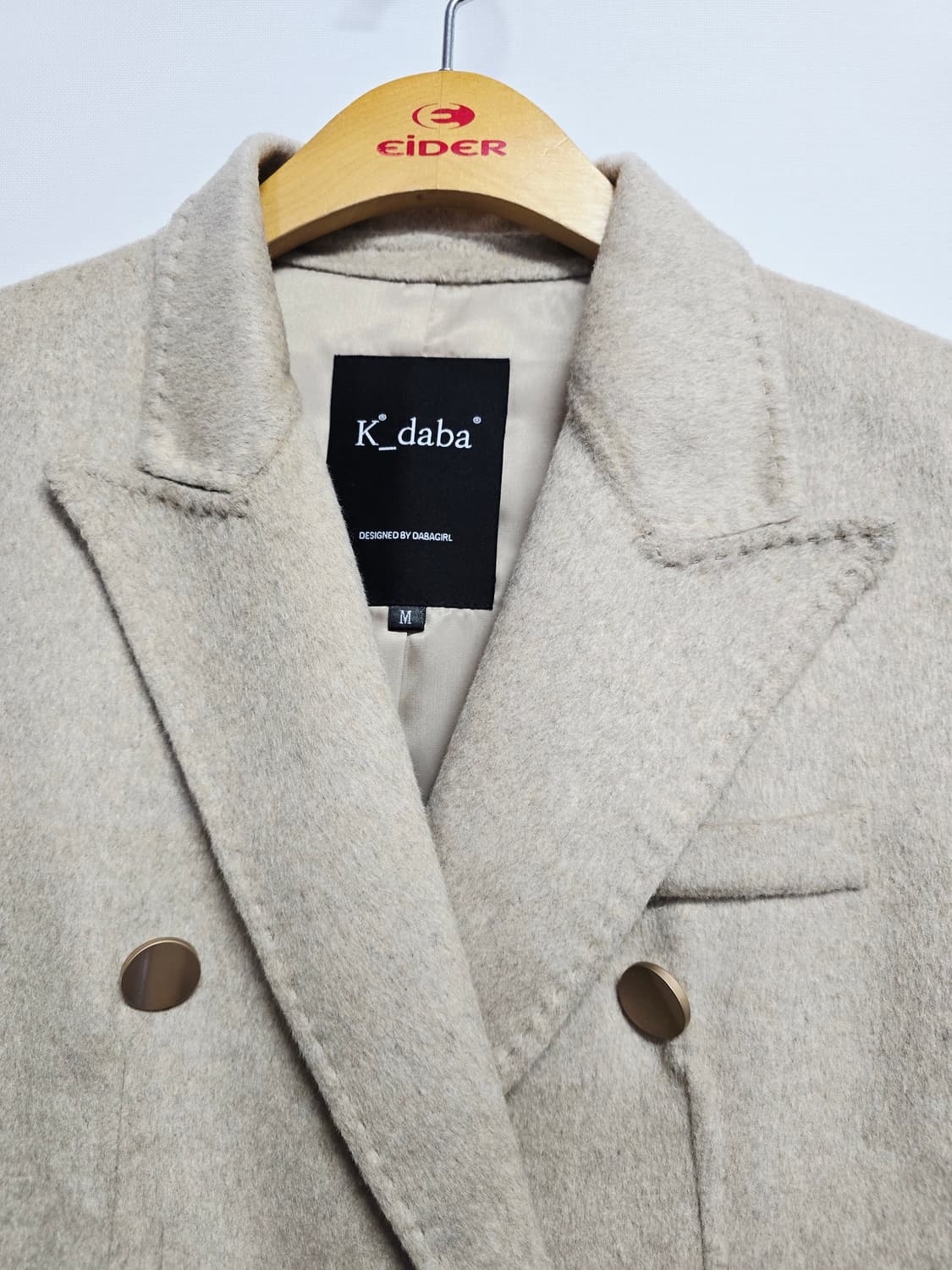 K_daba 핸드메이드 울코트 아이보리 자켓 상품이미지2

^^^^

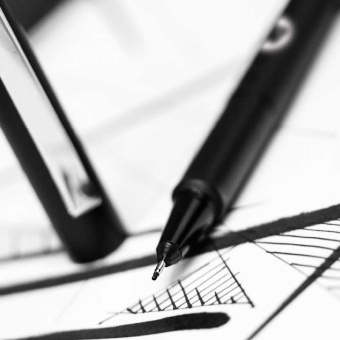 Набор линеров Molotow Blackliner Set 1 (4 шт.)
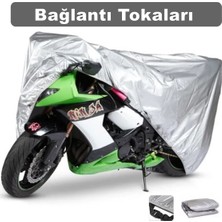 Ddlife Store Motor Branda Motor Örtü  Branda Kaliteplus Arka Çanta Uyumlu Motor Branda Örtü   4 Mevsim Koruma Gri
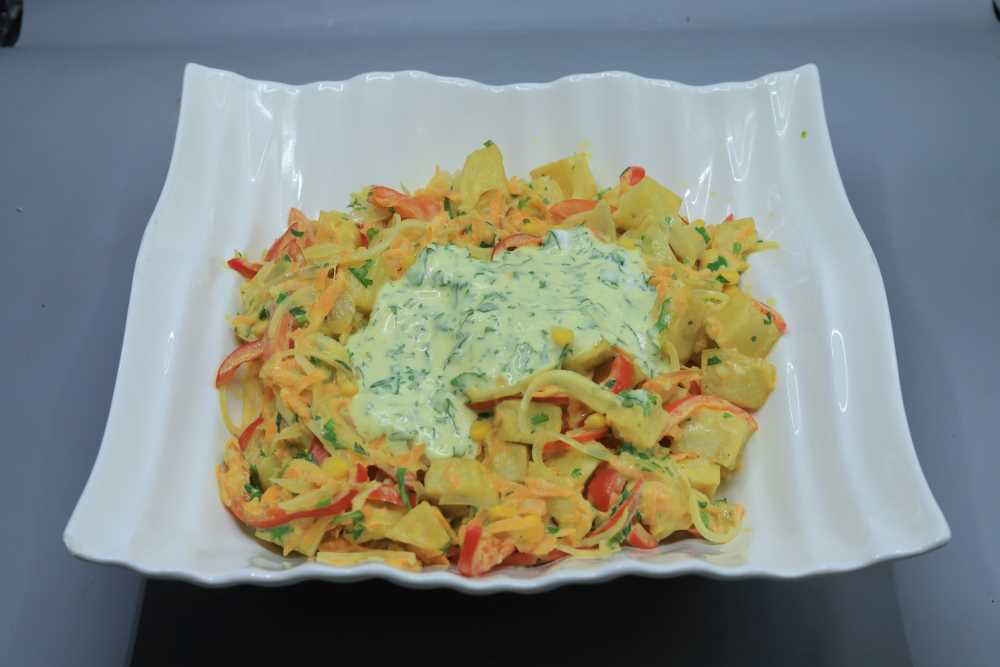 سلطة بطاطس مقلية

^^^^

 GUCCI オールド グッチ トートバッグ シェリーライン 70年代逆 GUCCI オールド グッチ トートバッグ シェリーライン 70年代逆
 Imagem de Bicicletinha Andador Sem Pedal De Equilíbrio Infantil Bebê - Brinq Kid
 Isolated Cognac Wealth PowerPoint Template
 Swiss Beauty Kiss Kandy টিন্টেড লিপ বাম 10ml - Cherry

^^^^

Work order -
Skipping the pictures, print the lines in the listing above exactly as written, starting at the line with "Набор линеров Molotow" and ending at the line with "سلطة بطاطس مقلية", both included.

Exercise response -
 Набор линеров Molotow Blackliner Set 1 (4 шт.)
 Ddlife Store Motor Branda Motor Örtü  Branda Kaliteplus Arka Çanta Uyumlu Motor Branda Örtü   4 Mevsim Koruma Gri
 سلطة بطاطس مقلية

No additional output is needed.